GENE EMERY
BOSTON — Reuters Published on Thursday, Oct. 30, 2008 1:38PM EDT Last updated on Tuesday, Mar. 31, 2009 9:03PM EDT
Some of the intense care given to the smallest premature infants may be a little too intense, two new studies suggest.
One showed that light treatment for jaundice may overwhelm the smallest infants; the other questions the practice of giving insulin to premature newborns.
Dr. Brenda Morris of the University of Texas Medical School in Houston and colleagues found that babies weighing less than 2 pounds were slightly more likely to die if they were given early light therapy for rising levels of bilirubin, the compound that can turn the skin yellow but, more dangerously, can cause permanent brain damage.
When the liver is slow to clear bilirubin, which can be toxic if too much accumulates, high-intensity light is used to break down the compound from outside the body.
The study of 1,974 infants, published in the New England Journal of Medicine, found that aggressively treating rising bilirubin levels reduces the rate of brain injury in the form of cerebral palsy, blindness, severe hearing loss and poor cognitive development.
Only 26 per cent of light-treated babies had brain damage, compared 30 per cent for babies whose treatment was delayed until the levels got a bit higher.
In the smallest babies, however, those weighing 1.1 to 1.65 pounds (501 to 750 grams), infants treated aggressively were 13 per cent more likely to die than those who received conservative care.
The increase was not statistically significant, meaning not enough babies died to know whether the pattern is more than a fluke. Nonetheless, Dr. Morris said doctors may want to pause before rushing into light therapy.

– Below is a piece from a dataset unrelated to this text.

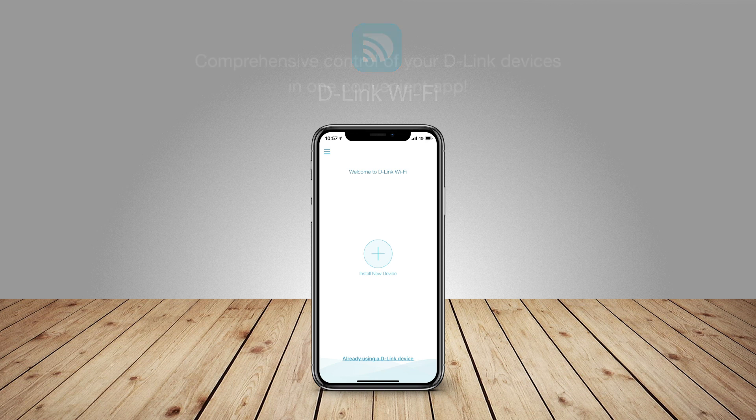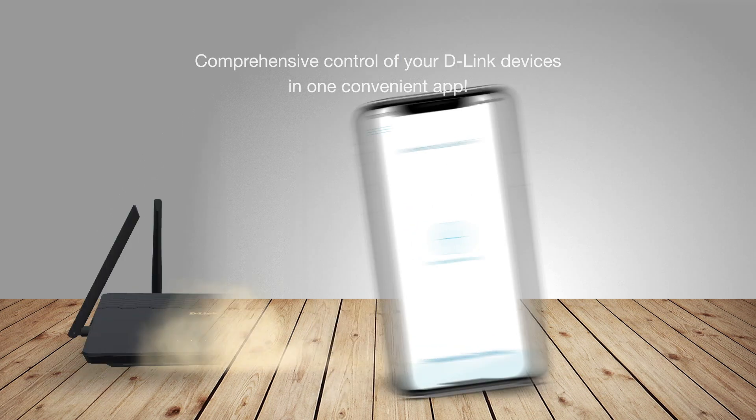Introducing D-Link Wi-Fi. Comprehensive control of your D-Link devices in one convenient app.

"Aggressive phototherapy may be preferred for infants with birth weights of 751 to 1,000 grams (1.6 to 2.2 pounds), because we found significant neurodevelopmental benefits in this subgroup and no evidence that the therapy increased the rate of death or other outcomes at 18 to 22 months," they wrote.
Dr. Rosemary Higgins, a researcher with the Pregnancy and Perinatology Branch at the U.S. National Institutes of Health and co-author of the study, said that because jaundice "is one of the many medical problems they're facing, you need to look at these babies on an individual basis" to decide what treatment would be best.

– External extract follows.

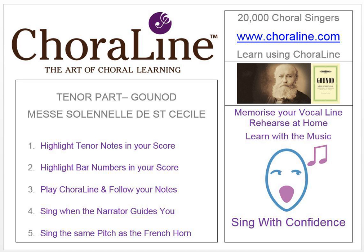There are twelve bars of introduction before you come in. Gounod's Messe Solennelle de Sainte-Cécile.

The last study of light therapy was done in the 1970s, before advances allowed much smaller babies to survive.
A second team found that early insulin therapy offers little clinical benefit in very-low-birth-weight infants, putting them at risk of dangerous hypoglycemia or low blood sugar.
Their trial of more than 300 babies showed that putting them on continuous insulin from birth raised the risk of death, with nearly 12 per cent dying after four weeks, compared with 5.7 per cent of infants not given insulin.
"Mortality at 28 days was higher in the early-insulin group than in the control group," Dr. Kathryn Beardsall at the University of Cambridge and colleagues wrote.